In the event, the token deck put up token resistance against a solo Rogue deck packing [Carnage] and [Poison the Well], which was not altogether surprising. Cheap board wipes kept the tokens from building up critical mass for [Nature's Reach] or [Zaza'jun] to come in and apply real pressure. Next, it squared off against a more traditional Horde Mage list packing [Frost Blast], [Edwin VanCleef], and [Baxtan, Herald of the Flame], all of which were bad times in token town. At this point, I was beginning to think that I had underestimated my opponent's willingness to bring a less-than-competitive list in order to have an easier time in the swiss rounds! The final round opponent was a mostly solo Horde Death Knight with a host of armor and [Blood Parasite], but fortunately enough no [Withering Decay]. Without that constant –1 health, the tokens were able to assemble unchecked and crush the death knight beneath their weight. It turned out that the Death Knight deck's owner and I both made the finals, where that same scenario played out again. Victory was mine!
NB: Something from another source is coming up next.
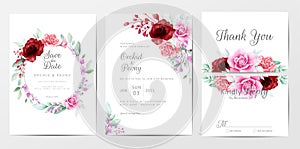 Wedding invitation cards template set with beautiful floral arrangements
I don't think this is an optimal list, but that's partially by design. There is a lot of space to explore with this deck, not the least being shifting the class to Death Knight to take better advantage of [Bark and Bite] as well as [Overwhelm] making ghouls instead of Treants. I think if you do port to Death Knight you can remove the top end of [Sinestra] and [Renshol, Herald of Nature] in favor of [Etched Dragonbone Girdle] and just a slew of cheaper drops. For me, it came down to wanting to have an answer to abilities and equipment via [Natural Purification] as well as using [Poison Fang Bracers].
The deck was a lot of fun, and could probably be an interesting choice in a meta where [Boundless Hellfire] hasn't caught on yet. If you're in such a place, I highly recommend seeing what Treants can do for you en masse!